When the pain turned to rage, and the tears were replaced with snorts of disgust, I finally decided I had had enough. I was learning about myself from the patterns I had enough self-awareness to see emerging. I decided it was time to meet a nice guy that would buy (and throw me) flowers and introduce me to his mom. All the movies and all the books were made about this guy. He was the guy that was promised to me when I was 15 or 16, all pearly whites, button down shirt, and puppy eyes. I was ready to claim my dues. I had made the sacrifices, kissed the toads, and learned from my mistakes. And I thought I was worth it.

Here is the danger in giving people labels. Sometimes, even the good guys aren’t good guys. No matter how wholesome they look, no matter how much they love their mom, no matter the flowers and the bespoke dates, they are still humans free to make mistakes. To make many mistakes. To smother those mistakes with charm and a sparkling smile. To bandage up their old festering wounds with a big fat label you can read on their chest, right above their heart, that says “GOOD GUY”. Or maybe I had put that label there myself. I wasn’t looking far enough away from what I knew and was being fooled by appearances.

I knew I wanted to break the cycle. I was loving myself more and more every day, and I was tipping the scale back in my favor. I labelled what I deserved as “good”, but seldom bothered to look past the surface of who I wanted to be so or what was presented to me as such. As easily as you can have a reputation as a cheater and a liar, you can have a reputation as a good guy too. Reputations imply complicity. I had my heart broken by a good guy. Soon after, witness after witness came forward to supply a mountain of evidence that objected unequivocally to his good guy image. But good guy he remains. For the first time in my life, I thought I deserved more than good.


It takes years to admit your flaws and to share the scars hidden underneath the shiny, flirty exterior you display to your potential future partners. That wall we all put up can be as attractive covered in graffiti as covered with a fresh coat of paint. More often than not, it is no reflection of what hides behind the wall at all.
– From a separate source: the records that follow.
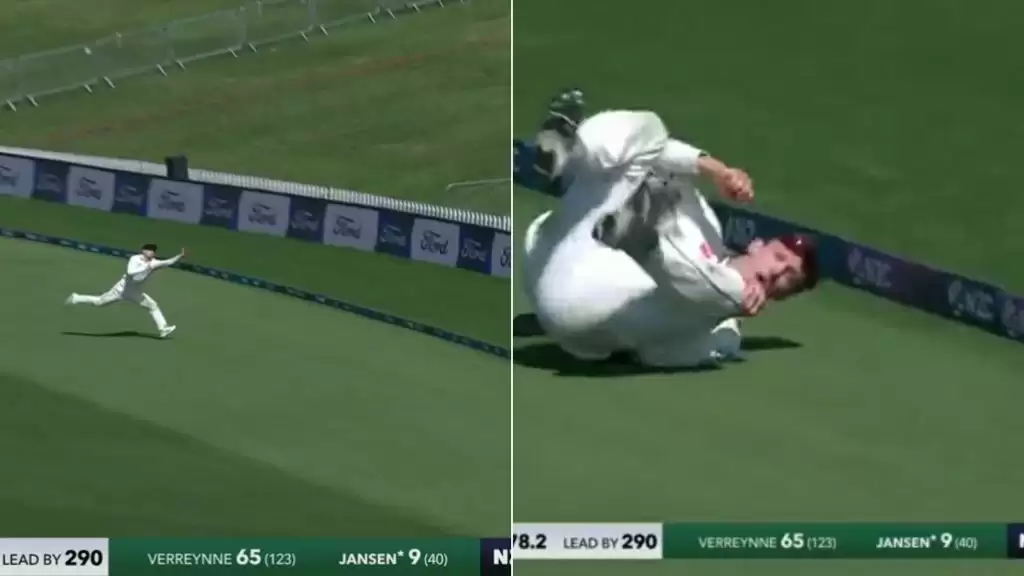 WATCH: New Zealand’s Will Young takes greatest outfield catch of 2022
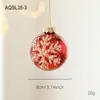 8cm Bola Brilhante Vermelha de Alto Padrão Pó Pegajoso Pó Dourado Bola Galvanizada Decoração de Árvore de Natal Pingente Decoração Suspensa Bola Suspensa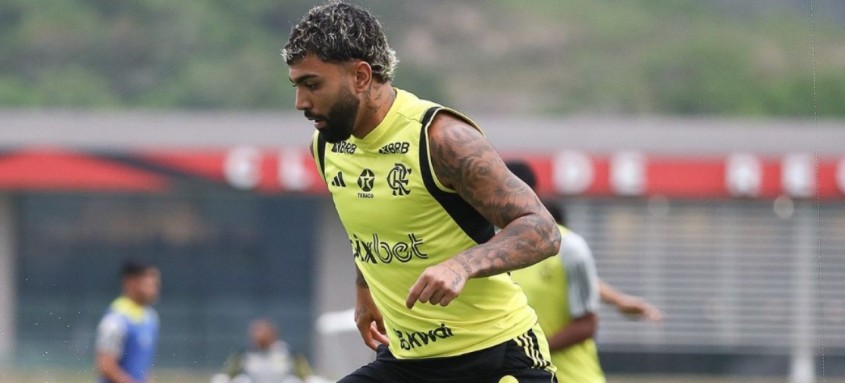 Gabigol vem ganhando mais oportunidade no ataque do Flamengo após a chegada de Filipe Luís - Foto: Gilvan de Souza/Flamengo Gabigol vem ganhando mais oportunidade no ataque do Flamengo após a chegada de Filipe Luís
I wanted a good guy and never asked myself if I was the good girl he deserved. I’ve scaled a bunch of walls, but I’ve also sat in the shadow of my own. And before this turns into a home improvement metaphor, yes, I had work to do. Some spring cleaning and some renovations. Some strengthening of the foundations and a fresh coat of paint.

Don’t read the labels. Don’t dish them out, either. But pick a bright color for your worth and paint yourself with it every day. We’re all under construction, but we’re all worth it. I know I am.